Poco dopo aver sentito il crollo di Houta risuonare nelle pareti e salire su, fino al giardino dei primi nati, io, Ana e Etienne, i miei fratelli minori, ci siamo alzati e abbiamo camminato, abbiamo preso la via sull’erba fresca che si infila, dietro il grande albero Icarus, nel bosco più grande, dove le bolle dei Mhyr scoppiettano e ballano da una parte all’altra. Le bolle ci venivano a sbollire in testa, a volte ci inglobavano tutti e tre, così che parevamo tre bambini con una testa di bolla. Levitavano e ci tiravano su per pochi metri, poi si scollavano, facendoci cadere sul sederino.
I Mhyr, come sta scritto nel Jari Rahasya, il libro dei sogni perduti di Freu du Cantu, sono le essenze scampate alle nascite: la loro storia è lunga e per la maggior parte contenuta nel poema dei filogrammi della segnatura.

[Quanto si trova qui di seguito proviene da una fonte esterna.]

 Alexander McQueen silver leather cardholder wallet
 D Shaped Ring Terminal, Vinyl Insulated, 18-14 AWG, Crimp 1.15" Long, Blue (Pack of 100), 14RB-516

Ricordo di averne raccolta una, di quelle essenze a sfera, un giorno, e di averci guardato dentro, e quella ha cominciato a sollevarsi e poi a volare e così mi ero persa guardando i miei fratelli che andavano dietro a un signore, nel bosco.
“Dove mi porti, biriblu?”, le ho chiesto. E invece di rispondermi, la sfera ha sbuffato, riempiendosi di nebbia, tanto che non riuscivo più a vedere, e poi sono venuti i lampi, apparivano sotto le nuvole, oltre il margine del mio sguardo, molto lontano, e poi nella bolla ho visto gente in cammino e una città, molto in alto, con le lune grosse intorno… cadevano giù di colpo, crollavano dalle montagne, scendevano a valle come si fossero raffreddate improvvisamente, bianche e piene di crateri. E non mi sono accorta che stavo cadendo anche io e sotto non c’erano più boschi ma sabbia, deserti, valli di sale, piane di calcare, doline, altipiani appiattiti, tutti spiaccicati l’uno sull’altro, come se i vincoli morfologici dei territori fossero saltati. Stavo precipitando e mi sarei schiantata, l’altezza mi avrebbe uccisa. E mentre precipitavo l’aria mi graffiava il viso e qualche tipo di polverio mi si ficcò negli occhi, cominciai a lacrimare e mi bruciavano le tempie.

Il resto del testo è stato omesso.